> **Work to be completed**:
Below are the entries. Transcribe exactly the lines from the one with "Продажа 2-этажной дачи" through the one with "Hero image for", ends included, and leave out all others.

> **The input**:
========================

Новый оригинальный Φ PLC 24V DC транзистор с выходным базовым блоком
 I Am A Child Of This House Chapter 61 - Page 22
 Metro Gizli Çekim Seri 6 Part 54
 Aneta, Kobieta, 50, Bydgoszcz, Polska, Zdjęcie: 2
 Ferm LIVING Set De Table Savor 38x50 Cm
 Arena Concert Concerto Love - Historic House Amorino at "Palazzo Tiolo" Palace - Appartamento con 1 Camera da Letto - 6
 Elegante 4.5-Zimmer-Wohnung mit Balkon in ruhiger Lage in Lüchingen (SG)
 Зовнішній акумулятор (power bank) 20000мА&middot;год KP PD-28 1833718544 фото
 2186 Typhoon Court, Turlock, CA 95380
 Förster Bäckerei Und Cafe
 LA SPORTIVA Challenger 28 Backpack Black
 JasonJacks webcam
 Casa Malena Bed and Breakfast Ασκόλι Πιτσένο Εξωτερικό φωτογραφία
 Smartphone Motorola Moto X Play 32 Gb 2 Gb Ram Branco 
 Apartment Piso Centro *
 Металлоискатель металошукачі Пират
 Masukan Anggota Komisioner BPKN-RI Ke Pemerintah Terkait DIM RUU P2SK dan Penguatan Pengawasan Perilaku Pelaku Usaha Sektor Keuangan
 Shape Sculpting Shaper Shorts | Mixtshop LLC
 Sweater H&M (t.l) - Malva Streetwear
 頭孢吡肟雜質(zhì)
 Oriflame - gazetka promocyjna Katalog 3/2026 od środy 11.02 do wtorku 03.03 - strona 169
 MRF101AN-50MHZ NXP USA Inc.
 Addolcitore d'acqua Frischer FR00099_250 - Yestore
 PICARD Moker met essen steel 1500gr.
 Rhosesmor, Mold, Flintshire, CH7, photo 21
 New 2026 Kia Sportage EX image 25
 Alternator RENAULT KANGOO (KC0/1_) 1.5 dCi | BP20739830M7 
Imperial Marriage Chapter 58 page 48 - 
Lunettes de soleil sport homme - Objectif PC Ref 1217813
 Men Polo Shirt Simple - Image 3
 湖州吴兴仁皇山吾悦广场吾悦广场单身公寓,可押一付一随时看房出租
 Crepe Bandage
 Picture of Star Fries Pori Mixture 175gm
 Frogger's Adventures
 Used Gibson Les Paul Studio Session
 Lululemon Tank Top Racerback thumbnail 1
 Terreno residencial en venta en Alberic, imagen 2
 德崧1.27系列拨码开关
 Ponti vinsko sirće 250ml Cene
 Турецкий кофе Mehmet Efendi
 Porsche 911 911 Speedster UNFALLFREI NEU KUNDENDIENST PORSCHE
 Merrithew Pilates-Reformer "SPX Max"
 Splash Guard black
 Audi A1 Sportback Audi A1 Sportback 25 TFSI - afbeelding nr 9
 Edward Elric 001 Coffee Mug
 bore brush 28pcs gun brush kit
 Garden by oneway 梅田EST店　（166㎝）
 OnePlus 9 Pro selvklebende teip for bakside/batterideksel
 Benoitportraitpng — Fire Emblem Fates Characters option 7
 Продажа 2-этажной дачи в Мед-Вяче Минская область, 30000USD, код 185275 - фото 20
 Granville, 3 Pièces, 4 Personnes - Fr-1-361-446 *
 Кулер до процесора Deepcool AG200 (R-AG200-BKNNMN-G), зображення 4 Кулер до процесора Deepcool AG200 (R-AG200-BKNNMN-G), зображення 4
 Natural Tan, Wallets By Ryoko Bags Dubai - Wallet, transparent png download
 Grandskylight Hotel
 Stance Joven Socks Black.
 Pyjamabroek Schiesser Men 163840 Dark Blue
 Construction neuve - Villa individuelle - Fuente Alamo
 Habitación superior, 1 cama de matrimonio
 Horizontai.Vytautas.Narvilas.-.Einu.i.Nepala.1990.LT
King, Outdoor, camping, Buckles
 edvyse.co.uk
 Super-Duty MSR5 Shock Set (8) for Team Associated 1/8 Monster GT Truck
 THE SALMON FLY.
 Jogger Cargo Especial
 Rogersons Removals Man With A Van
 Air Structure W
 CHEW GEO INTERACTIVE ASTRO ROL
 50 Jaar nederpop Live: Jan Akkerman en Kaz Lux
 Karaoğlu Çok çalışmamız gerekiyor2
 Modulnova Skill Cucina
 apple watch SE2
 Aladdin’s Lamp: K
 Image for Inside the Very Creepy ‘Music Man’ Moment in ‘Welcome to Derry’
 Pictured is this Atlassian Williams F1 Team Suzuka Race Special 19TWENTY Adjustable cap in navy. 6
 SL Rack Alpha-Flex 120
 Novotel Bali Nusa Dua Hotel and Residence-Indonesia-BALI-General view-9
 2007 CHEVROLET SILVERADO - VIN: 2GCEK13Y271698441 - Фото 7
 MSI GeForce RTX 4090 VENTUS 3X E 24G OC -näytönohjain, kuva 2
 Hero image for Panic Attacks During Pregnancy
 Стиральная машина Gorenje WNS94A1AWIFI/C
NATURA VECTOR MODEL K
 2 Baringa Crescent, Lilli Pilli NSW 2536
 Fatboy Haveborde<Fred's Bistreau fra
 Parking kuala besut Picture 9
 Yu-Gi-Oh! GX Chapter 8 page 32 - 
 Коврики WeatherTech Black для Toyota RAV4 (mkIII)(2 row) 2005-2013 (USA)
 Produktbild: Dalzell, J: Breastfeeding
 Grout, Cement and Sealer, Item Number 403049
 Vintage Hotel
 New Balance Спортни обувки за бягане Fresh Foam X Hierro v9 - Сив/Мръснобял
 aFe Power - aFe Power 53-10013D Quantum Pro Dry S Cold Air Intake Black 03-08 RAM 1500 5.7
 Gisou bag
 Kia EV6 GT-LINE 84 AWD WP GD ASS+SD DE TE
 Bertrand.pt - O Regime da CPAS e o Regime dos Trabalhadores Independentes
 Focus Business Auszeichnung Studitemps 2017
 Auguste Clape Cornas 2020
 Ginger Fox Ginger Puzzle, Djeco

========================

> **Your response**:
 Продажа 2-этажной дачи в Мед-Вяче Минская область, 30000USD, код 185275 - фото 20
 Granville, 3 Pièces, 4 Personnes - Fr-1-361-446 *
 Кулер до процесора Deepcool AG200 (R-AG200-BKNNMN-G), зображення 4 Кулер до процесора Deepcool AG200 (R-AG200-BKNNMN-G), зображення 4
 Natural Tan, Wallets By Ryoko Bags Dubai - Wallet, transparent png download
 Grandskylight Hotel
 Stance Joven Socks Black.
 Pyjamabroek Schiesser Men 163840 Dark Blue
 Construction neuve - Villa individuelle - Fuente Alamo
 Habitación superior, 1 cama de matrimonio
 Horizontai.Vytautas.Narvilas.-.Einu.i.Nepala.1990.LT
King, Outdoor, camping, Buckles
 edvyse.co.uk
 Super-Duty MSR5 Shock Set (8) for Team Associated 1/8 Monster GT Truck
 THE SALMON FLY.
 Jogger Cargo Especial
 Rogersons Removals Man With A Van
 Air Structure W
 CHEW GEO INTERACTIVE ASTRO ROL
 50 Jaar nederpop Live: Jan Akkerman en Kaz Lux
 Karaoğlu Çok çalışmamız gerekiyor2
 Modulnova Skill Cucina
 apple watch SE2
 Aladdin’s Lamp: K
 Image for Inside the Very Creepy ‘Music Man’ Moment in ‘Welcome to Derry’
 Pictured is this Atlassian Williams F1 Team Suzuka Race Special 19TWENTY Adjustable cap in navy. 6
 SL Rack Alpha-Flex 120
 Novotel Bali Nusa Dua Hotel and Residence-Indonesia-BALI-General view-9
 2007 CHEVROLET SILVERADO - VIN: 2GCEK13Y271698441 - Фото 7
 MSI GeForce RTX 4090 VENTUS 3X E 24G OC -näytönohjain, kuva 2
 Hero image for Panic Attacks During Pregnancy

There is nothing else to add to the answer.